8 Secure Coding Best Practices
OWASP provides a checklist for secure coding practices that includes 14 areas to consider in your software development life cycle. Of those secure coding concepts, we’re going to focus on the top eight secure coding best practices to help you protect against vulnerabilities.
- Security by Design
- Password Management
- Access Control
- Error Handling and Logging
- System Configuration
- Threat Modeling
- Cryptographic Practices
- Input Validation and Output Encoding
Security by Design
Security needs to be a priority as you develop code, not an afterthought. Organizations may have competing priorities where software engineering and coding are concerned. Optimizing for security can conflict with optimizing for development speed. However, a “security by design” approach that puts security first tends to pay off in the long run, reducing the future cost of technical debt and risk mitigation. An analysis of your source code should be conducted throughout your SDLC, and security automation should be implemented.
Passwords are a weak point in many software systems, which is why multi-factor authentication has become so widespread. Nevertheless, passwords are the most common security credential, and following coding best practices limits risk. You should require all passwords to be of adequate length and complexity to withstand any typical or common attacks. OWASP suggests several coding best practices for passwords, including:
- Storing only salted cryptographic hashes of passwords and never storing plain-text passwords.
- Enforcing password length and complexity requirements.
- Disable password entry after multiple incorrect login attempts.
Take a “default deny” approach to sensitive data. Limit privileges and restrict access to secure data to only users who need it. Deny access to any user that cannot demonstrate authorization. Ensure that requests for sensitive information are checked to verify that the user is authorized to access it.
Error Handling and Logging
Software errors are often indicative of bugs, many of which cause vulnerabilities. Error handling and logging are two of the most useful techniques for minimizing their impact. Error handling attempts to catch errors in the code before they result in a catastrophic failure. Logging documents errors so that developers can diagnose and mitigate their cause.

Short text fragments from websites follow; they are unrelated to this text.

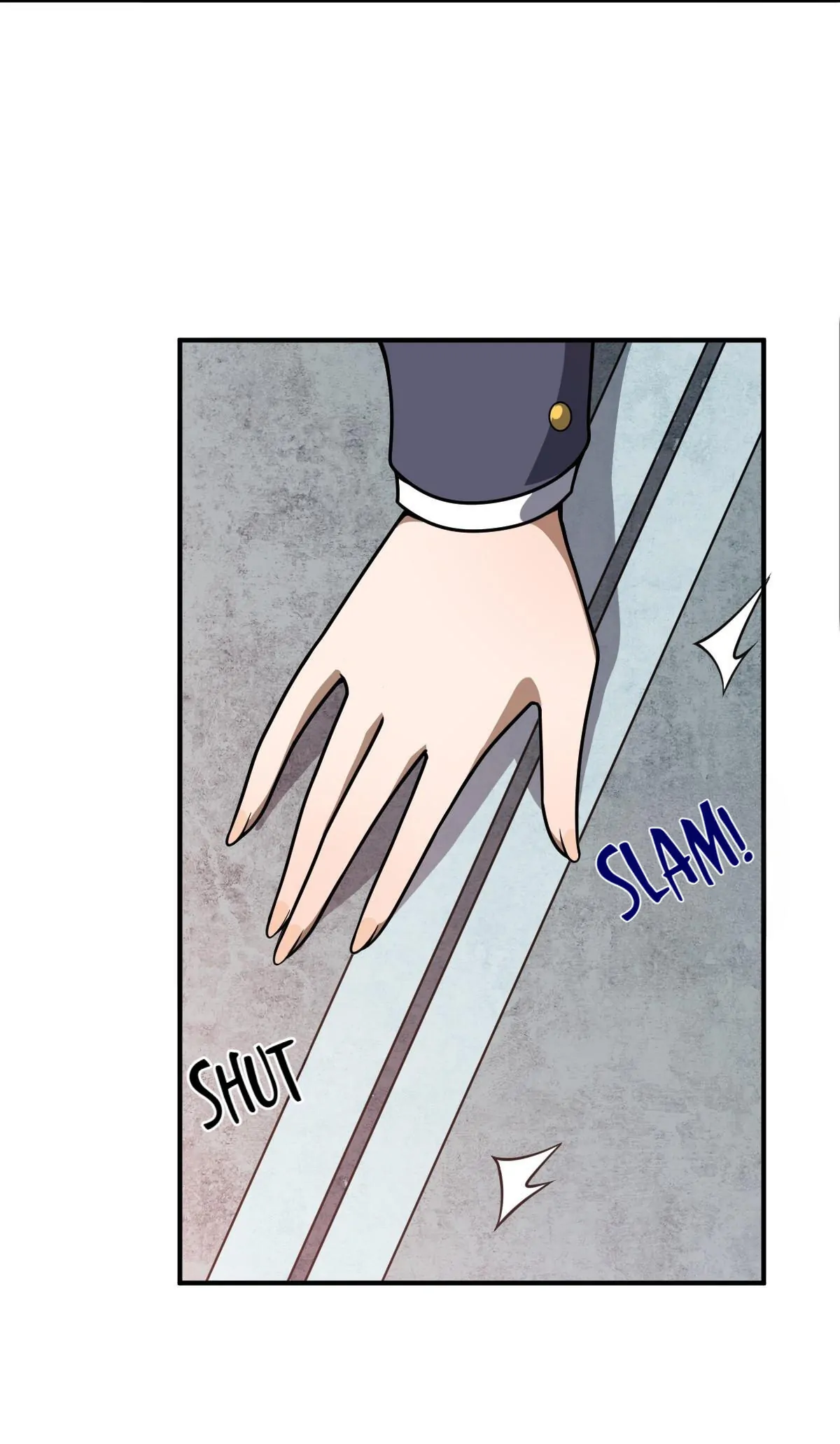 Page 66 of Chapter 73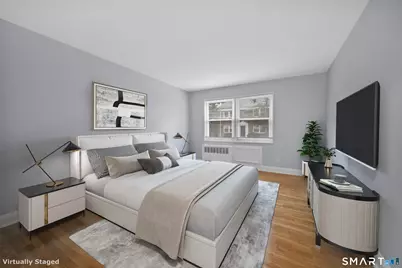 98 Blachley Road #A, Stamford, CT 06902 - Photo 2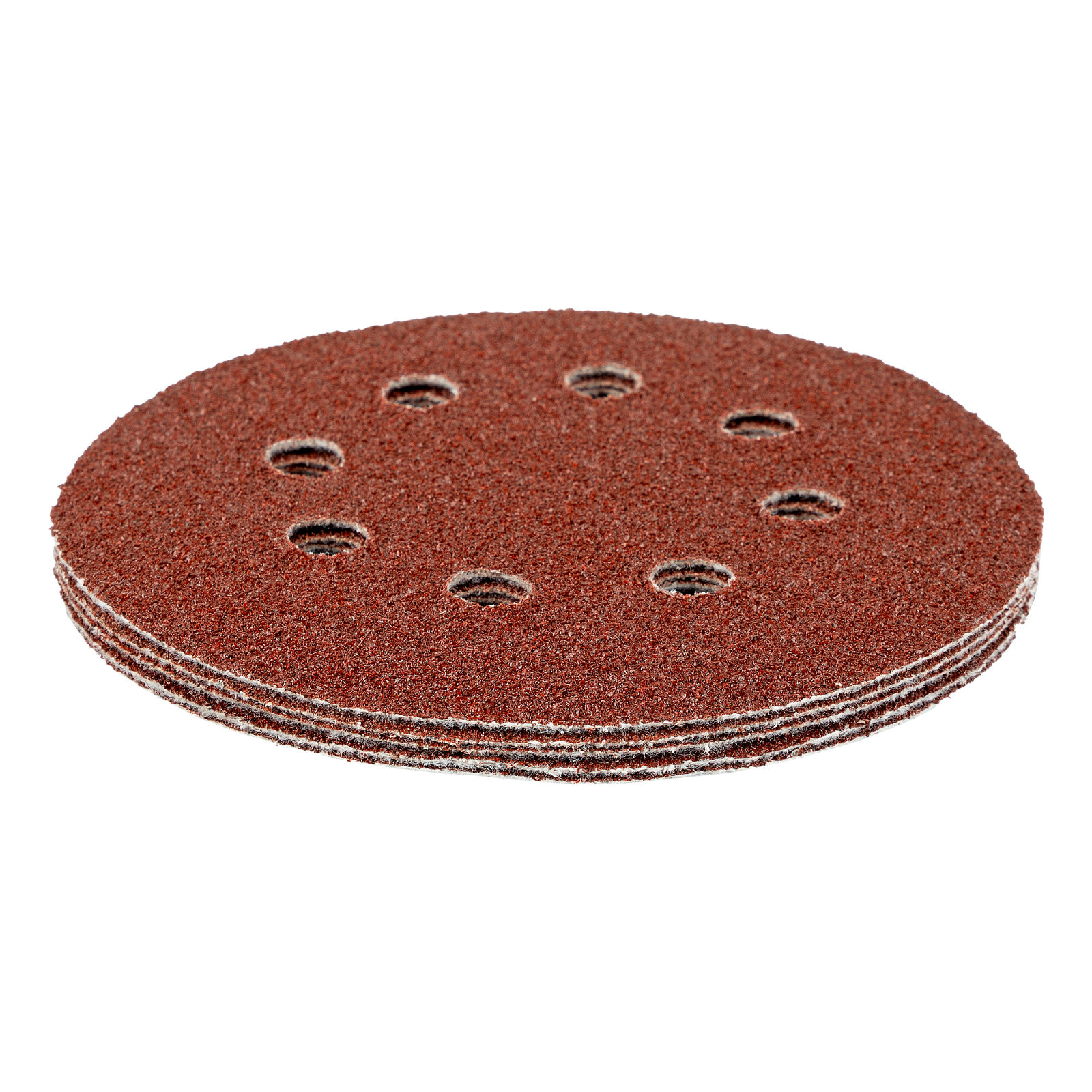 Миниатюра изображения товара 0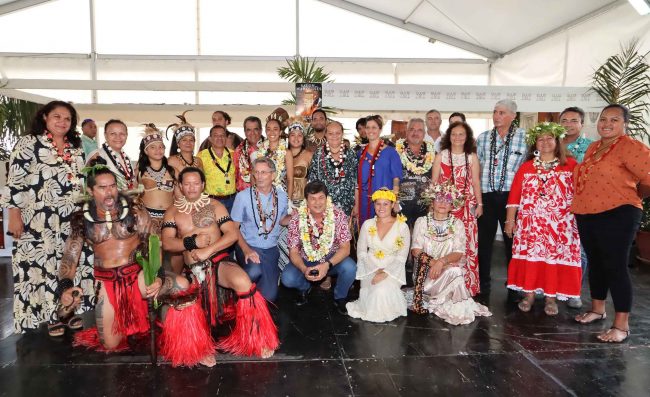 2022-06-02-OUVERTURE-SALON-MARQUISES-274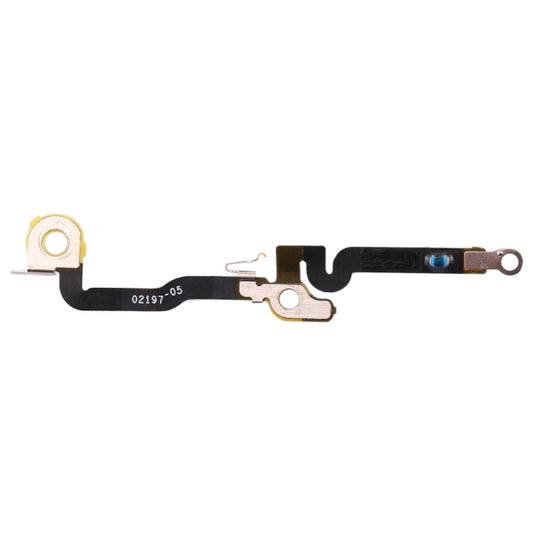 Bluetooth-Flexkabel für iPhone 11, For iPhone 11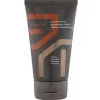 AVEDA Styling-Gel & Creme|MEN Pure-Formance Grooming Cream 125 ml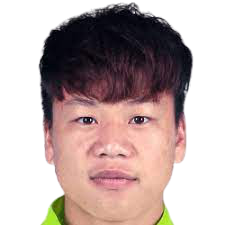 https://img.zhongtezixun.com/img/football/player/80bc087872634a49e357662e5367f6c4.png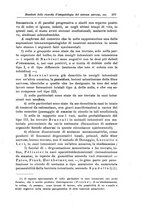 giornale/CFI0298588/1926/unico/00000405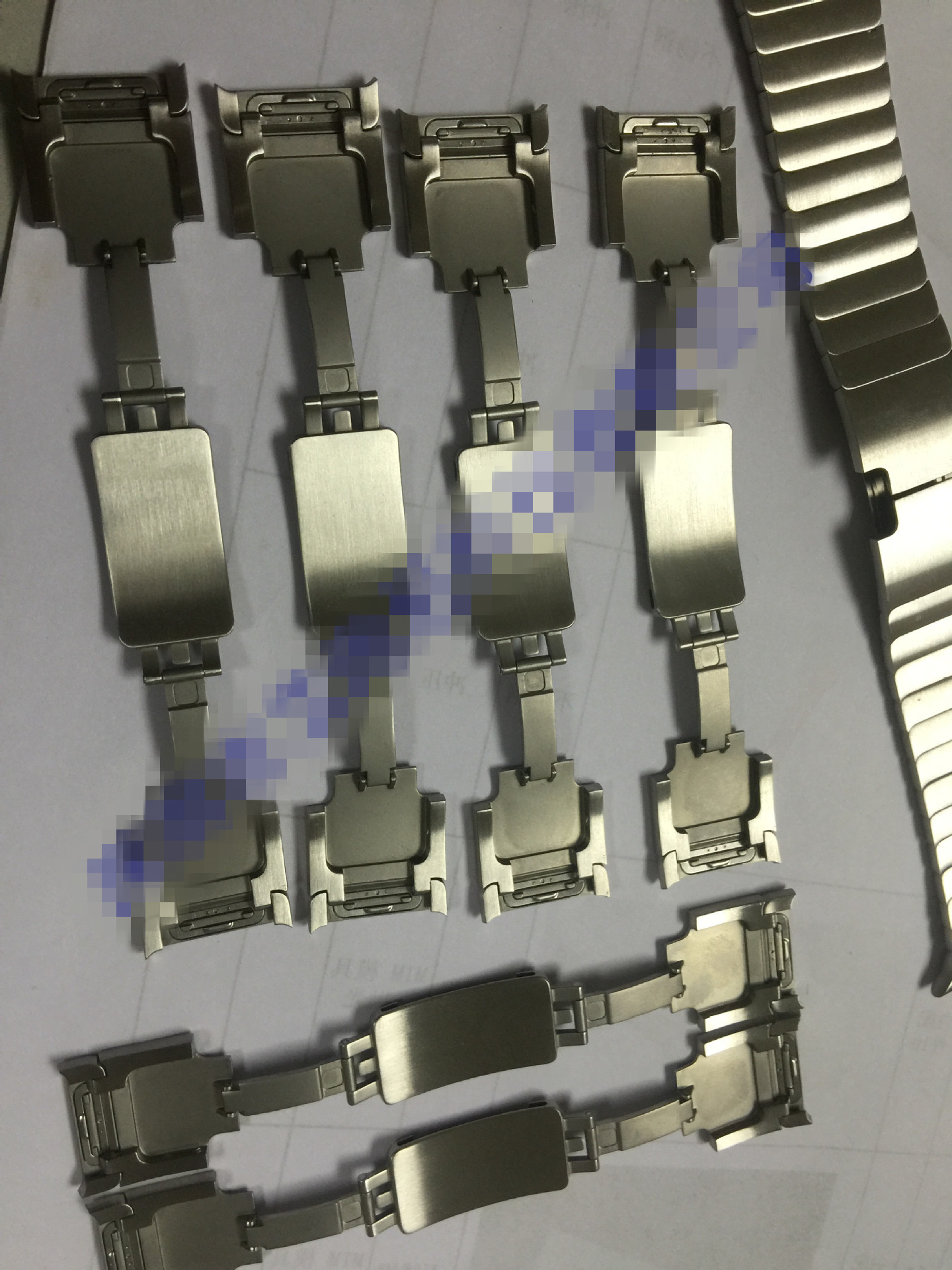 Link Bracelet Clone - 1.jpg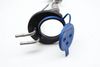 Windshield Washer Fluid Heater 1408300384 — photo 2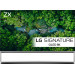 Телевизор Lg OLED88ZX9LA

Documentation and logging of all failures, exceptions, and errors should be implemented on a trusted system to comply with secure coding standards.
Clear your system of any unnecessary components and ensure all working software is updated with current versions and patches. If you work in multiple environments, make sure you’re managing your development and production environments securely.
Outdated software is a major source of vulnerabilities and security breaches. Software updates include patches that fix vulnerabilities, making regular updates one of the most vital, secure coding practices.
Document, locate, address, and validate are the four steps to threat modeling. To securely code, you need to examine your software for areas susceptible to increased threats of attack. Threat modeling is a multi-stage process that should be integrated into the software lifecycle from development, testing, and production.
Using quality modern cryptographic algorithms with keys stored in secure key vaults is a practice that increases the security of your code in the event of a breach.
Input Validation and Output Encoding
These secure coding standards are self-explanatory in that you need to identify all data inputs and sources and validate those classified as untrusted. You should utilize a standard routine for output encoding and input validation.
How to Ensure Your Code is Secure
By patching your systems regularly, you’re taking these secure coding best practices to the next level. Patch and vulnerability management is focused on identifying risk and enabling systems to stay up to date. Through these methods and security testing, you’re ensuring that your code is properly checked for errors.